When did it become something you wanted to focus on?
I started taking photographs seriously on a trip to Europe in 2007. Travel always inspires one to document and collect their experiences but I had a bit more of an interested in the photography itself on that particular trip. I wanted to make pictures that were nice to look at not just a documentation of something I saw or did.
Did you have any local influences? Any friends that catalysed your interest in photography?
My friend Dangles (Dan Cahill) always had a camera when I was younger and I was really inspired by him. A lot of the party flash point and shoot photography that’s super hot at the moment. That sort of thing is pretty appealing to a kid. I was very impressed at how Dan always had his camera for that moment.
I have noticed you have worked on a very diverse array of freelance pieces for a number of different mags around the globe. How do you go about getting these stories? Do you throw pitches or do they find you?
Sometimes I pitch ideas and my girlfriend is a writer so she does a fair bit of pitching. I have been “working” in photography for a while now so most of my clients are repeat clients. Being in Perth helps a lot as there’s not a great deal of published photographers here. They tend to move east or abroad chasing the work which leaves me with a fair bit and I get to stay in the city I love most, Fremantle.
When did you decide you were going to do Bilde Paper?
Summer of 15, I was thinking it would be nice to make a skateboarding print publication focused around the photography and design aspects of print. It turned into more of an interview format in the end; which I am happy with.
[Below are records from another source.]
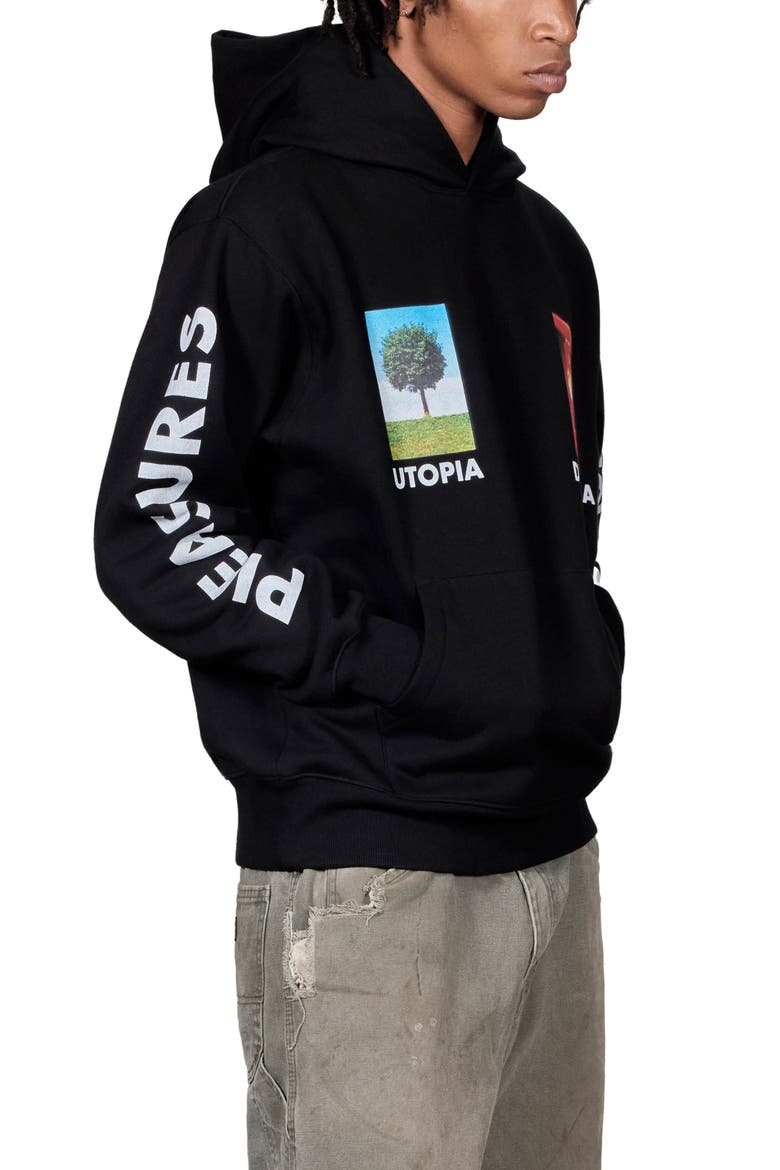 Somewhere Graphic Hoodie, Alternate, color, BLACK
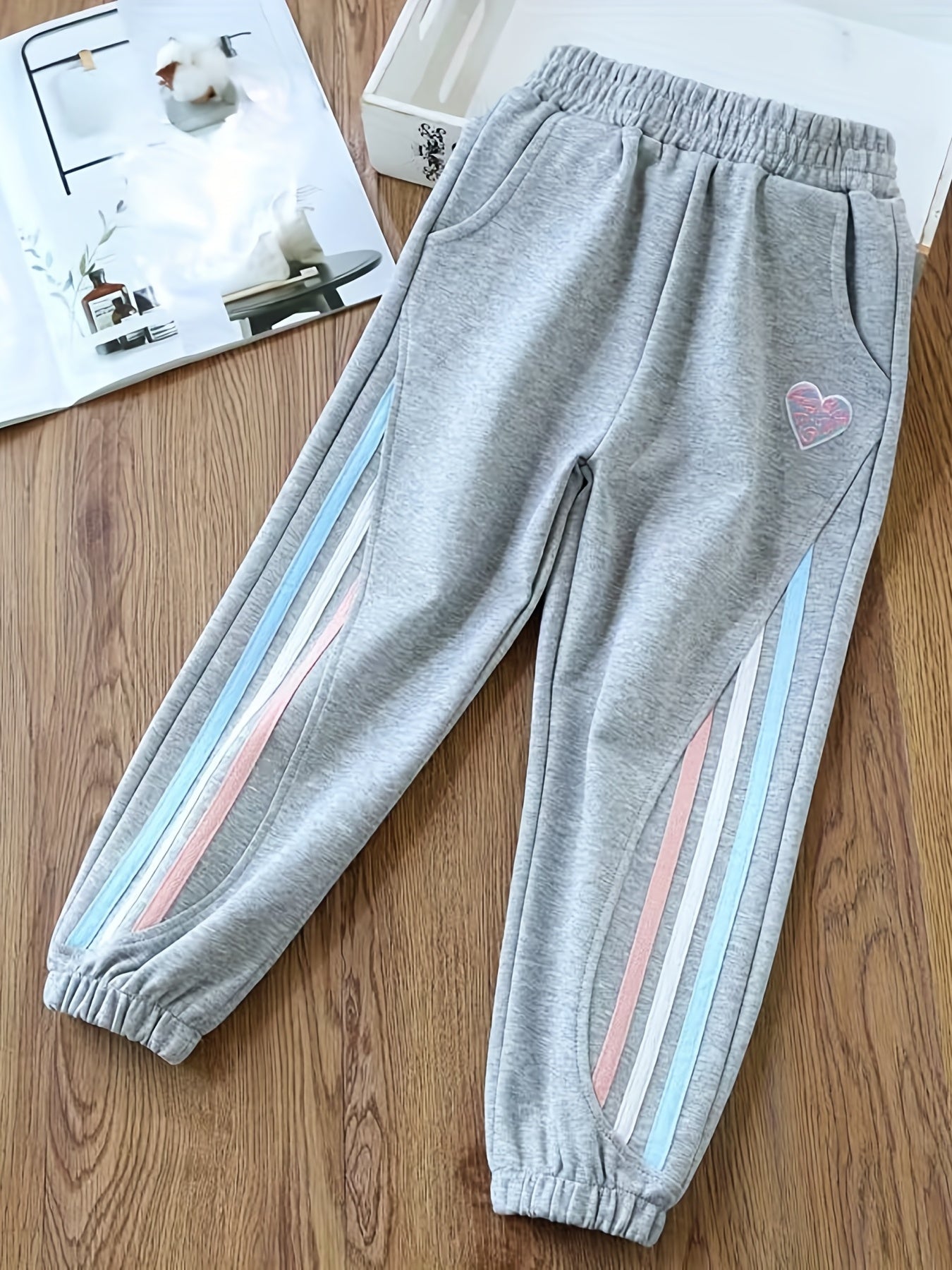 Girls Striped Print High Waist Sweatpants With Pockets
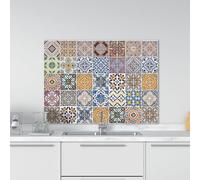 CREARREDA Pannello Paraschizzi Cucina in Alluminio Azulejos 84x60cm facile da applicare Made in Italy Protezione per fornelli e muro. Lavabile e facile da montare. Lastra paraschizzi in metallo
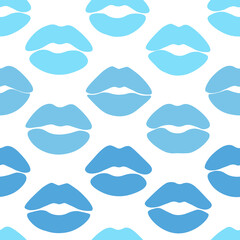 Seamless blue lips silhouettes vector illustration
How did you come up with the title?
There’s really not too much to it. A lot of people ask this and it’s honestly just a word I like the sound of. Bilde translates to image in some Germanic languages but that’s not why I chose it. I just like the sound of it. I feel it’s important to like the sound of a word and the title will mean what you want it to mean. Paper is paper because I didn’t want to call it a magazine and it’s not a book so this felt like a nice middle ground.
Were there any other hot favourites?
I almost went with Ugo but Keegan Walker quickly talked me out of it. In hindsight I’m glad. It’s also too similar to the Melbourne-based branded Uno from that crew of serious street rippers.
What made you commit to print in this era that seems to be so heavily based around a palm-sized screen?
That’s exactly what made me commit to print. I am a sucker for the phone. A lot of my work revolves around my phone so I don’t get many opportunities to see much stuff I’m actually interested on there at the end of the day. The print medium is a bit easier for me to pick up and actually absorb what I’m looking at or reading. Also, if Bilde is sitting on your shelf there’s a pretty good chance you will pull it out in 5 or maybe 10 years time. I can’t imagine myself going to someone’s Instagram to look at their work 10 years down the track. But maybe? It seems less disposable and more timeless.
What were the biggest challenges in starting the title?
Money unfortunately. That’s by far the hardest part. It’s a very expensive little project so its been tough getting it out there. I don’t want Bilde to be full of ads either which makes it much harder to fund it. It’s not that I have a thing against publications with ads, I like ads and thing they definitely have their place but it just didn’t seem right to have Bilde full of ads. Maybe that was a mistake?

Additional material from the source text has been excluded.